Wisely, in Andrew Marr: The Making of Modern Britain, he knew precisely the effect of leavening the History with a bit of history. Such as addressing us from the first house – 16 Alkham Road, Stoke Newington – ever to suffer aerial bombardment. The shell was dropped from a Zeppelin, bounced off a chimney pot, and though it didn't explode properly, many others did. The airship attacks terrified a London populace that had only recently been introduced to the reality of powered flight, let alone death from the skies. Marr relishes these details: rubbing his hands with glee (and against the wind chill), he leaned into a north-easterly on the Yorkshire coast and reminded us that the warships of the "beastly Hun" killed more than 100 people when they shelled Scarborough, Whitby and Hartlepool early in the war.

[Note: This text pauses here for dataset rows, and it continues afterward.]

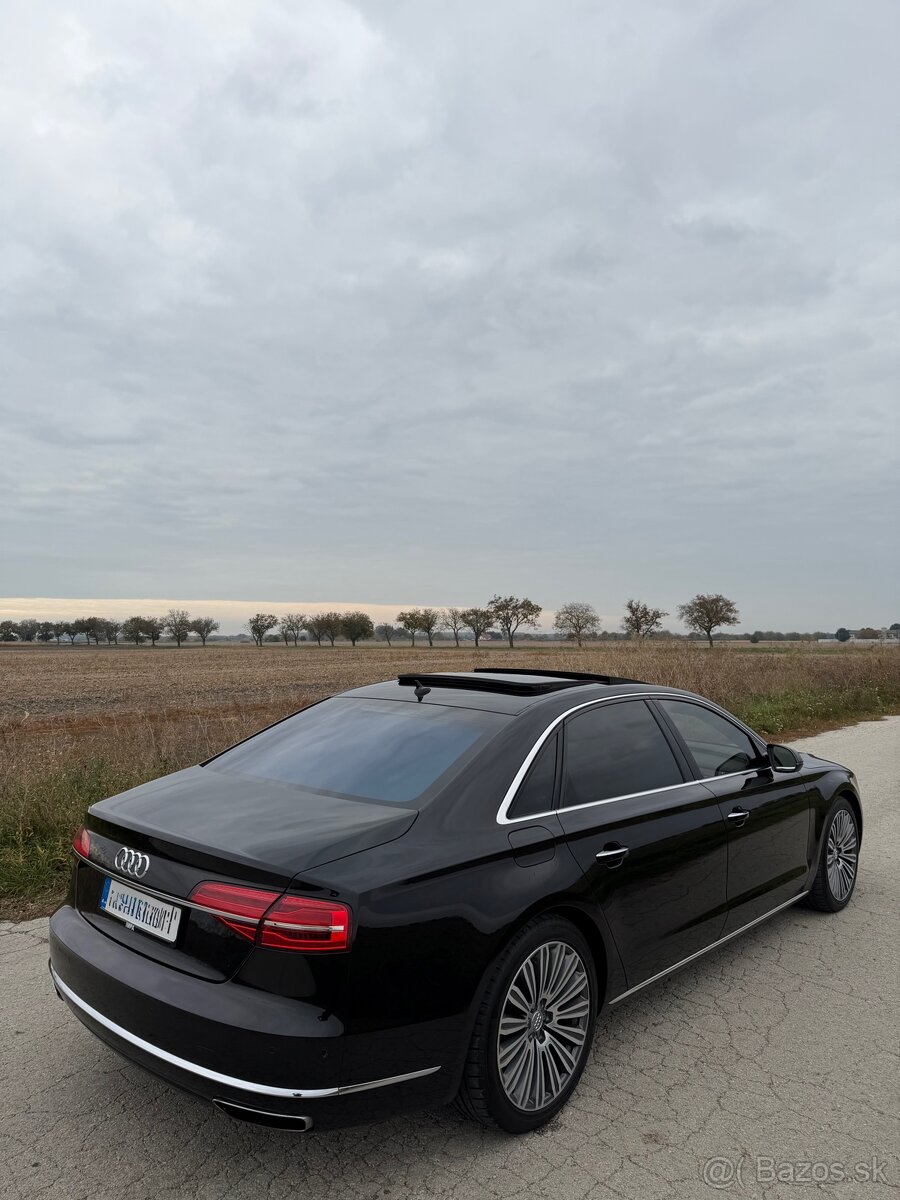 Audi A8 - 5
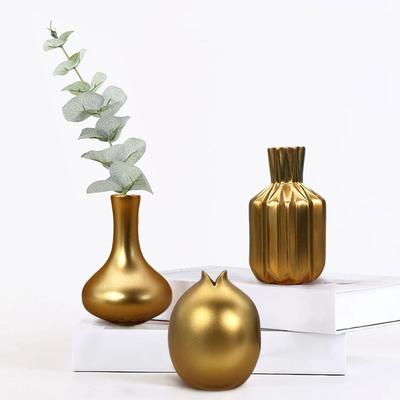 1PC Small Resin Crafts Vase Living Room Office Decoration Tabletop Ornament Light Luxury
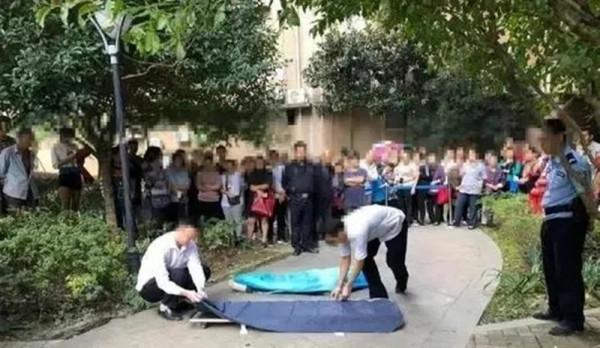 2019年，15歲學霸少女跳樓自殺，沒有遺書，神秘手機成解謎關鍵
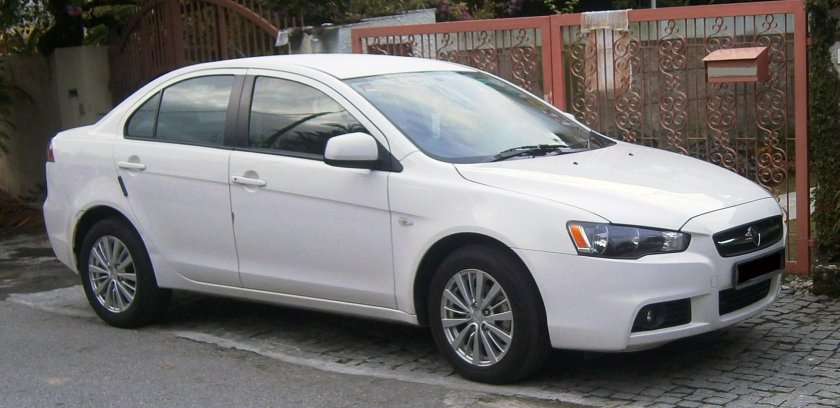 Mitsubishi Lancer 10 Inspira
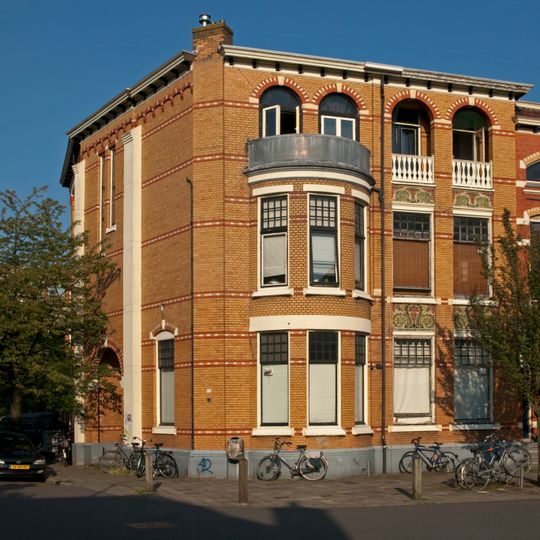 Hoekpand in Art Nouveau-stijl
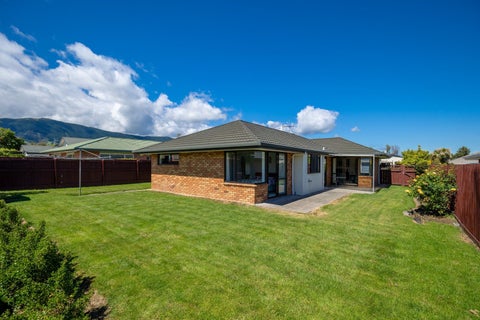 12 Coleridge Place, Stoke, Nelson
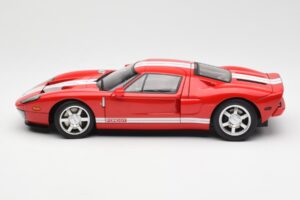Ford GT Röd AUTOart 1:18 73021 Metall — bild 4 av 8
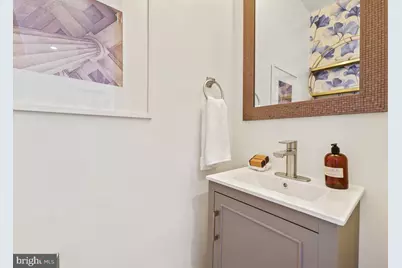 817 20th Street NE, Washington, DC 20002 - Photo 11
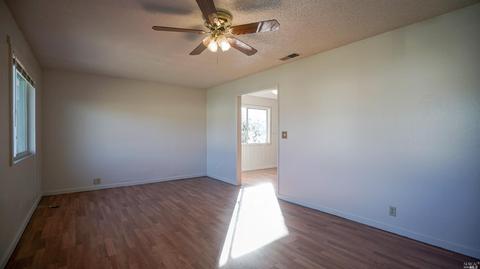 1019 Tanager Ln, Fairfield, CA 94533 photo 4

Other, more widely known facts were dutifully cranked out: that David Lloyd George's "munitionettes" had not only helped to increase ordnance production tenfold in a year, but had also anticipated the emancipation of women in the 1920s by cutting their hair short, chucking out their whalebone and getting to grips with condoms. (Cue archive shot of woman polishing phallic looking shell.) But he was itching to show that, at certain key points, it was pure fluke that Britain emerged in quite the shape it did from the "meat-grinder war". The U-boats, for instance, had a stranglehold on the merchant shipping supplying Britain, and it was thought that a convoy system would turn into a turkey shoot. In the event, facing famine at home and consequent defeat to Germany, the Admiralty caved in: convoys were formed in desperation, and, according to Marr, turned the tide of war.

This is Marr at his best, the former lobby hack digging around for facts to reveal the confusion and panic behind the sombre façades of Whitehall. In 1914, Herbert Asquith, we learned, occupied himself during war cabinet meetings by scribbling billets-doux to his mistress. Later, Lord Fisher, the First Sea Lord, cracked up and was found holed up in a hotel in Charing Cross, gibbering about how he must have absolute control of the entire Royal Navy. Whatever misgivings Marr may have had about the forbidding scope of this programme, indeed this entire series, they were swept away in these moments.

If Marr was the dashing captain getting up the nose of his superiors, Hislop was the dogged subaltern, ensuring each got his due in the trenches. In Not Forgotten: Soldiers of Empire, Hislop's subject was the contribution of the Empire to the First World War effort. The statistics were dumbfounding: one in three of British infantry fielded at the outset of the conflict was Indian, and by 1918, 2.5 million from Africa, the Indian sub-continent, Australia, New Zealand and Canada had fought with the British. The willing volunteers from the West Indies, meanwhile, were deemed fit only for the digging of trenches and lugging of shells.

Hislop told the story simply, through the experiences of a Sikh, Irishman, Native American, Canadian and West Indian, and their descendants. Manta Singh had rescued his wounded commanding officer, Captain Henderson, with a wheelbarrow, and the Singhs and Hendersons are still in touch today. As for the Canadian "cow-puncher" Henry Norwest, he had gone on to become a sniper and one of the sharpest shooters in the war, claiming 115 kills. Yet what surprised and moved Hislop was how benignly the subjects and their descendants regarded service in the cause of Empire. Or, as Mahatma Gandhi wrote nearly a century ago: "If we desire its privileges, we should desire the responsibilities of this great Empire."